J.K. Rowling, The Solitary House, and the Public Shaming of Lynn Shepherd

The Solitary House  Lynn Shepherd-smallLynn Shepherd’s latest novel The Solitary House, set in the gas-lit world of London in 1850, features a pair of detectives — one of whom appears to be suffering from early stage Alzheimer’s — in the employ of a powerful financier with a dark past. It sounds fascinating, actually, exactly the kind of book I’d be interested in reading.

Of course, that was before she took a swipe at the world’s most popular fantasy writer in an ill-conceived and mean-spirited article last week at The Huffington Post, “If JK Rowling Cares About Writing, She Should Stop Doing It.”

I didn’t much mind Rowling when she was Pottering about. I’ve never read a word (or seen a minute) so I can’t comment on whether the books were good, bad or indifferent. I did think it a shame that adults were reading them… But The Casual Vacancy changed all that… That book sucked the oxygen from the entire publishing and reading atmosphere… what can an ordinary author do, up against such a Golgomath?
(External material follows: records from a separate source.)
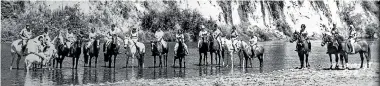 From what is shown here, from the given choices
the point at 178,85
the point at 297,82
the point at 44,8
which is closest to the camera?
the point at 178,85

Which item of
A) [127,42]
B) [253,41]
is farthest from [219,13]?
[127,42]

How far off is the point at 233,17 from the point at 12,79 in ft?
228

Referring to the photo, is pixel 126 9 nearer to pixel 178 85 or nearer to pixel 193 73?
pixel 193 73

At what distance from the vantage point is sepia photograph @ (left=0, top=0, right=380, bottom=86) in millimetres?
20234

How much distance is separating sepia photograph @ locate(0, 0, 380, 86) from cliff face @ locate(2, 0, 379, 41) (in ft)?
0.56

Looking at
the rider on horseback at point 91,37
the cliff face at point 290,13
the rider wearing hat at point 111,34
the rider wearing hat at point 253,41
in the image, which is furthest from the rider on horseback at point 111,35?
the cliff face at point 290,13

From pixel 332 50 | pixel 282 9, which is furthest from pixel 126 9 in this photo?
pixel 332 50

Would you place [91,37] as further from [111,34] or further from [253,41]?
[253,41]

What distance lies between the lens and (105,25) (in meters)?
72.4

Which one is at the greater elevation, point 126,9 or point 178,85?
point 126,9

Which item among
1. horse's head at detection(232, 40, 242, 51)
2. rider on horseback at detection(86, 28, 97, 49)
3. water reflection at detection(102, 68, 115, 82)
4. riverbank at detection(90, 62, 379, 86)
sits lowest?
riverbank at detection(90, 62, 379, 86)

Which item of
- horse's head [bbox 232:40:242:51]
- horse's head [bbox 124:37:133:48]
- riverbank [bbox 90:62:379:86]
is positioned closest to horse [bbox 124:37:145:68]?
horse's head [bbox 124:37:133:48]

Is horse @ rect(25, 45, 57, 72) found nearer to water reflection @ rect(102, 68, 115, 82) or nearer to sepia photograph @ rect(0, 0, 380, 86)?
sepia photograph @ rect(0, 0, 380, 86)

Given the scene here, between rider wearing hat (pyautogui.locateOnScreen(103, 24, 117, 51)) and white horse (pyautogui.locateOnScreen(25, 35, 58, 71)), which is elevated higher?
rider wearing hat (pyautogui.locateOnScreen(103, 24, 117, 51)) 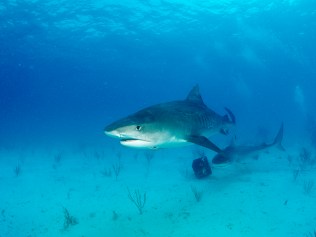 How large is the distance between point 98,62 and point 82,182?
138 ft

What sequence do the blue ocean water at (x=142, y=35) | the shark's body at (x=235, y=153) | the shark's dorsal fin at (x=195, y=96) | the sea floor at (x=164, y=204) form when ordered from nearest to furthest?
the sea floor at (x=164, y=204)
the shark's dorsal fin at (x=195, y=96)
the shark's body at (x=235, y=153)
the blue ocean water at (x=142, y=35)

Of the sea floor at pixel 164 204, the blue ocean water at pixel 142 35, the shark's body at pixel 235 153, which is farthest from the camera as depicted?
the blue ocean water at pixel 142 35

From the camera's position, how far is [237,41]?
41.7m

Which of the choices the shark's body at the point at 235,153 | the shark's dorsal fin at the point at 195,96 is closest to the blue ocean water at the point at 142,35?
the shark's body at the point at 235,153

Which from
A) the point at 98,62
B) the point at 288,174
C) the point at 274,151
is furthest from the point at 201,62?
the point at 288,174

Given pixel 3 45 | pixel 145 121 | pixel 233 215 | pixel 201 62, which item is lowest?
pixel 201 62

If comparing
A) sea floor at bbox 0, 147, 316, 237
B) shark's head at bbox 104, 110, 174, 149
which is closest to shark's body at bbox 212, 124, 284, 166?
sea floor at bbox 0, 147, 316, 237

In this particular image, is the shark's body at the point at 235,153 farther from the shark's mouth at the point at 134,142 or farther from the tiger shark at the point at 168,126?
the shark's mouth at the point at 134,142

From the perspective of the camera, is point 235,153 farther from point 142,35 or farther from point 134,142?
point 142,35

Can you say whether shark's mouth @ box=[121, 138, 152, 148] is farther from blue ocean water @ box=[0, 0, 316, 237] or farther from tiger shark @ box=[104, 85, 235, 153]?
blue ocean water @ box=[0, 0, 316, 237]

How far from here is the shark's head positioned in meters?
4.36

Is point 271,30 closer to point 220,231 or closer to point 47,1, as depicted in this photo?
point 47,1

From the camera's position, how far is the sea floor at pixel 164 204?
241 inches

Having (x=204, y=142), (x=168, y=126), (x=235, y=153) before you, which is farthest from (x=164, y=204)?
(x=235, y=153) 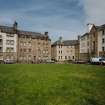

And then there was the whole Cuckoo’s Calling saga… The book dominated crime lists, and crime reviews in newspapers, and crime sections in bookshops, making it even more difficult than it already was for other books — just as well-written, and just as well-received — to get a look in. Rowling has no need of either the shelf space or the column inches, but other writers desperately do.

Now Rowling’s legions of fans are venting their anger at Shepherd in a cascade of 1-star reviews at Amazon,com, which are quickly overwhelming legitimate reviews of the book. As of this morning, there are 59; here are just a few snippets from the more entertaining examples.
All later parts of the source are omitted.